Movie with Abe: Avengers: Endgame

Avengers: Endgame
Directed by Anthony and Joe Russo
Released April 26, 2019

This film is arguably the biggest movie ever made, drawn from twenty-one films that came before it and purporting to be the end of a saga that’s clearly going to continue long past this. I’ve only seen fourteen of the feeder films, and the fact that I missed an important one from a few years ago led to my waiting a long time to see last year’s two big lead-up entries, “Black Panther” and “Avengers: Infinity War.” It’s hard to separate this film as I usually do from the large franchise it culminates, judging it on its own merits rather than merely as a sequel or summation. No matter how you look at it, it’s an experience all its own.

After the devastating impact of Thanos’ snap, those left behind have immense trouble moving forward. Five years later, Ant-Man (Paul Rudd) is ejected from the quantum realm and proposes a daring new idea for how to restore the universe to what it once was. Black Widow (Scarlett Johannson) works with Captain America (Chris Evans) to convince a reluctant team including Iron Man (Robert Downey Jr.), the Hulk (Mark Ruffalo), Thor (Chris Hemsworth) and Hawkeye (Jeremy Renner) to step up and risk everything to travel back in time and locate the stones they need to defeat Thanos. Old allies and new villains emerge during their treacherous journeys, threatening even more devastating consequences for those he didn’t eviscerate the first time.

Expectations are understandably high when it comes to this conclusion of four different phases of Marvel films released in the past eleven years and after the spectacular offering that was “Infinity War.” Breaking down the aftereffects of the events contained within that blockbuster is a tall order, and this film has the benefit of an extended runtime of just over three hours, allowing plenty of plot development as its characters pick themselves up and find a way to correct course.

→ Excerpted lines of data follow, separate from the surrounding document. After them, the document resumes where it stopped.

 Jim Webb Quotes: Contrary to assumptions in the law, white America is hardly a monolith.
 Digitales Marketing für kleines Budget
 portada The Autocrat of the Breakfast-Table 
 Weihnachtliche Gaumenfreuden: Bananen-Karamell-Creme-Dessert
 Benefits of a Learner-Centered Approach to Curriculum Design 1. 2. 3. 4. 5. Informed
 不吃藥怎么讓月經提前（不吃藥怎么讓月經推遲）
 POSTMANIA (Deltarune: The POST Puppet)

As in the past with ensemble superhero entries like this, the biggest payoff is seeing so many familiar faces from earlier films and the reintroduction of beloved players, both significant and minor, at the most unexpected and crucial moments. These films know how to incorporate many, many characters without any of them feeling extraneous, which is not an easy feat.

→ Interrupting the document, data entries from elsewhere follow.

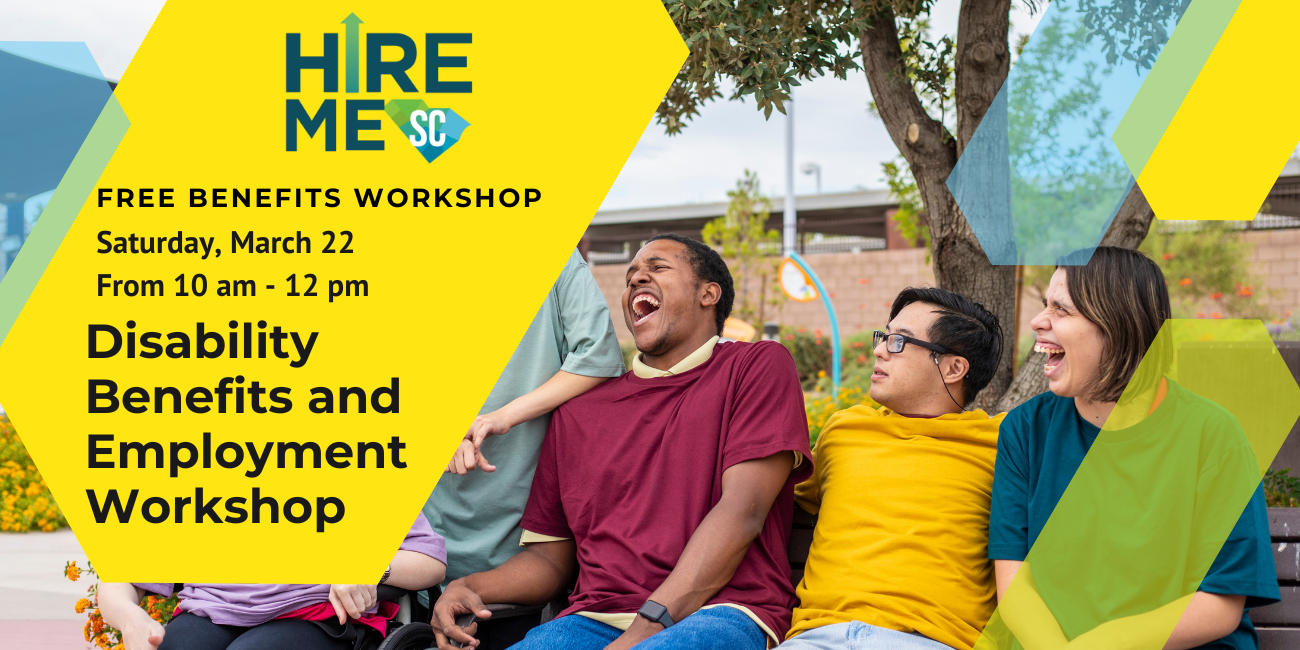 Graphic with photo of a group of people with disabilities laughing together on a bench. Text over yellow, blue, and green arrow shapes reads, 'Disability Benefits and Employment Workshop, Free Zoom Webinar, Saturday, March 22 from 10 am to 12 pm,' with Hire Me SC logo.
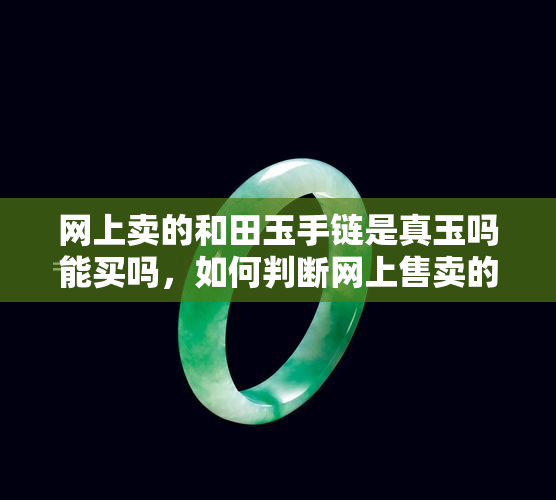 网上卖的和田玉手链是真玉吗能买吗，如何判断网上售卖的和田玉手链是否为真玉，购买时需要注意什么？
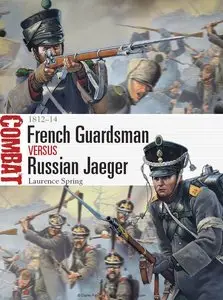 French Guardsman vs Russian Jaeger: 1812-14 (Osprey Combat 4) (Repost)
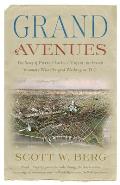Grand Avenues: The Story of Pierre Charles l'Enfant, the French Visionary Who Designed Washington, D.C.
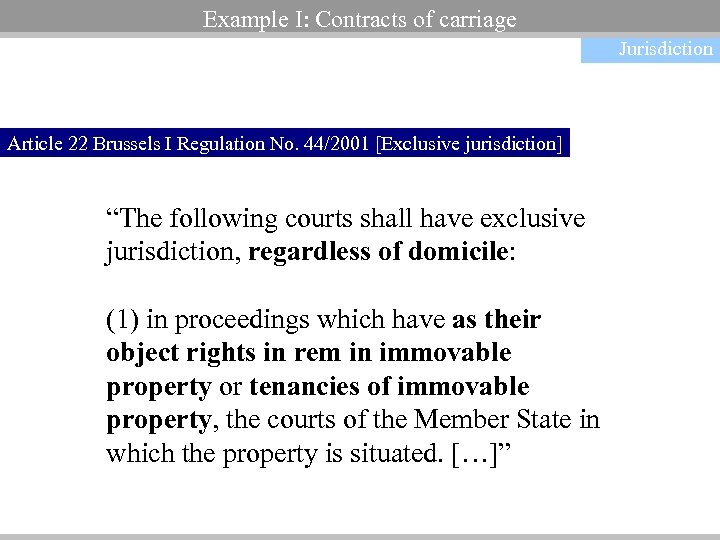 Example I: Contracts of carriage Jurisdiction Article 22 Brussels I Regulation No. 44/2001 [Exclusive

This film’s cast is so incomparably large that it’s almost impossible to survey all of its members. Its two undeniable standouts, however, are Rudd, joining this film after sitting out the last all-hands entry, and Ruffalo, each infusing tremendous comedy into their roles in exactly the way that this franchise has popularized. There are serious moments, especially considering the natur eof the narrative material, but this film is great fun when it wants to be. This particular chapter closes itself out with gusto, with important sacrifices and extremely memorable battle scenes, and the best part is that there’s room for more in the future with dozens of superheroes to choose from for the many next iterations. This concept evidently works, and even if this film can’t match the dramatic excitement and power of “Infinity War,” it’s a fitting semi-conclusion that isn’t a disappointment to its fervent fans.